The direction is correct. Now replace MDM by IOP. The MDM doesn't know and doesn't care who is using it. It only replies to commands.
The IOP is essentially one specialist ALU with many sets of registers, that are used in a round-robin fashion. Each set does contain data like "where to get the next IO instruction" and "where to read the output data" or "where to store the input data". It is a bit mystical, but essentially you have two sets of register sets. The MSC controls the IOP and has some registers more, the BCEs handle the IO with a serial shuttle bus. Each BCE is controlled by the same ALU, thus only one BCE can be active at a time, but switching BCEs happens so fast that you practically doesn't notice the difference. The most common BCE programs reside in BCE PROM and can't be changed in flight.
A BCE can essentially do the following actions (accuracy limited by research):
- Wait for index (#WIX) is a known instruction and means the BCE waits until the first MDM starts to respond on the bus.
- It can read n 16-bit words from the bus
- It can send a command and write n 16-bit words to the bus.
- Branches in a BCE program are possible, conditional and unconditional.

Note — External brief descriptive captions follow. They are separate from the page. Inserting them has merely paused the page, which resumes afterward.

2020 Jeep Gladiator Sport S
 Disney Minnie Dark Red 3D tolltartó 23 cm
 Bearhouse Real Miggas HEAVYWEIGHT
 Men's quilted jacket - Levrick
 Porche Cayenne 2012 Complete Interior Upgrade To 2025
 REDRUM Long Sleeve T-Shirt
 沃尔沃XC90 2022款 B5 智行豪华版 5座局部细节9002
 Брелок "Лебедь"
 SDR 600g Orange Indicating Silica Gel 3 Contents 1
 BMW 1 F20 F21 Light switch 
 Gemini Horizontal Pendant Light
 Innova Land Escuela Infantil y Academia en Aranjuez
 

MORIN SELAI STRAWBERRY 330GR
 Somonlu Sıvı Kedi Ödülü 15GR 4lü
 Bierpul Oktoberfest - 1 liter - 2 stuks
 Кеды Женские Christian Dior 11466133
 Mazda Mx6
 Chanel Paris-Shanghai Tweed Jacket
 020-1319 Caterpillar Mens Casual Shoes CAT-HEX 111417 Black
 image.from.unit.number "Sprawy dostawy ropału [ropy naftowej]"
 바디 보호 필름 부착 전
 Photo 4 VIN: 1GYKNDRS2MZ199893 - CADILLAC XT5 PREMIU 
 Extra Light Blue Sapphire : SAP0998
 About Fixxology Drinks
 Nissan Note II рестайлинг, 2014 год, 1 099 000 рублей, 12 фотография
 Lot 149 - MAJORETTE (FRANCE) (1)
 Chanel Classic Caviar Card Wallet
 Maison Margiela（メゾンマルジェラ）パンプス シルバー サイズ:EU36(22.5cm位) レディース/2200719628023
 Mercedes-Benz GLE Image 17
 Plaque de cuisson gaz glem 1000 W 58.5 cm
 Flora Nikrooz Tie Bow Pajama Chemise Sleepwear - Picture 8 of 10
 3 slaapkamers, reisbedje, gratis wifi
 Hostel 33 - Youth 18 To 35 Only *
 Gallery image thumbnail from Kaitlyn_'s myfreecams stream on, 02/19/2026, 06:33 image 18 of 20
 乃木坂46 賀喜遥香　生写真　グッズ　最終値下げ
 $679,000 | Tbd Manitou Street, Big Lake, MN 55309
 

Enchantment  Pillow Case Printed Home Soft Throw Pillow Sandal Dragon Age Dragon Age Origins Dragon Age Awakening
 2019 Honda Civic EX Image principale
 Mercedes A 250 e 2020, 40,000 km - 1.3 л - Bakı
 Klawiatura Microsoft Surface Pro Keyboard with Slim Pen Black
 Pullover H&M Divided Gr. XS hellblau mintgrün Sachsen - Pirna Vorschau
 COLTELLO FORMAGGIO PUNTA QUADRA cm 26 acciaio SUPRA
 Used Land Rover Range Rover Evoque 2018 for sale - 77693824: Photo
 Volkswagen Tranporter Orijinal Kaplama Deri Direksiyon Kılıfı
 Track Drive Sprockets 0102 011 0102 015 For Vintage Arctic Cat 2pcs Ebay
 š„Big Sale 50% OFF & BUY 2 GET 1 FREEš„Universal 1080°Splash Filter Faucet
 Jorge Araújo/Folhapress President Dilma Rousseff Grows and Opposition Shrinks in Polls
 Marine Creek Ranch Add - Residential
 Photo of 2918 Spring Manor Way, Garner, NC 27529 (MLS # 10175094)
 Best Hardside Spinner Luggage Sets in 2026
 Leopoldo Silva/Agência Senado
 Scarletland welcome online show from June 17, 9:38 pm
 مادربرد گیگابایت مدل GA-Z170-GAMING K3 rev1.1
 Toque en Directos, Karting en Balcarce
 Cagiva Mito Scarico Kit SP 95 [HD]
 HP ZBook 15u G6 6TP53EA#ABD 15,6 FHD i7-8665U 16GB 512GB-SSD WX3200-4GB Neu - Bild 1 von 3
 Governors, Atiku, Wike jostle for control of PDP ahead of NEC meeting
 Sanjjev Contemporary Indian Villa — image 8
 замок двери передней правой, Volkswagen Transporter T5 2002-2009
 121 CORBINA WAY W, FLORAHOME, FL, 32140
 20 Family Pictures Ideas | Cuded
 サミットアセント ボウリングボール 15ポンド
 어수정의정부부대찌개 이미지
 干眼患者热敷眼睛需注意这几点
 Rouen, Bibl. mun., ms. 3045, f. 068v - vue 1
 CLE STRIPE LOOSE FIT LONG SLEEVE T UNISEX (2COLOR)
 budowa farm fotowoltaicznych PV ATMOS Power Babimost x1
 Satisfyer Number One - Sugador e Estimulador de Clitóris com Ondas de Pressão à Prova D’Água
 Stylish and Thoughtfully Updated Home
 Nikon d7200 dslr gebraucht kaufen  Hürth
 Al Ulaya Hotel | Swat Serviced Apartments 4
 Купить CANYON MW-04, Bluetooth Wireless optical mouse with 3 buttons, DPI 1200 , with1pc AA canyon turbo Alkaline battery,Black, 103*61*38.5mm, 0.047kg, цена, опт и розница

n can be a large number, because of the ability of the MDM to execute special MDM programs from PROM. Its uncommon for a BCE program to read and write at the same time, but it does happen and is perfectly legal. The maximum n possible in theory should be 512 words. If a single read or write instruction is executed without using the PROM, the maximum number of words is 32.
Thus, a good implementation would execute a number of BCE/MSC instructions per timestep. A good enough implementation would be defining the programs in C++ and simply point them to the beginning of the memory used for data transfer.
I can't find any hint that a BCE program can jump over multiple memory locations in GPC memory. It looks like they are always processed in sequence.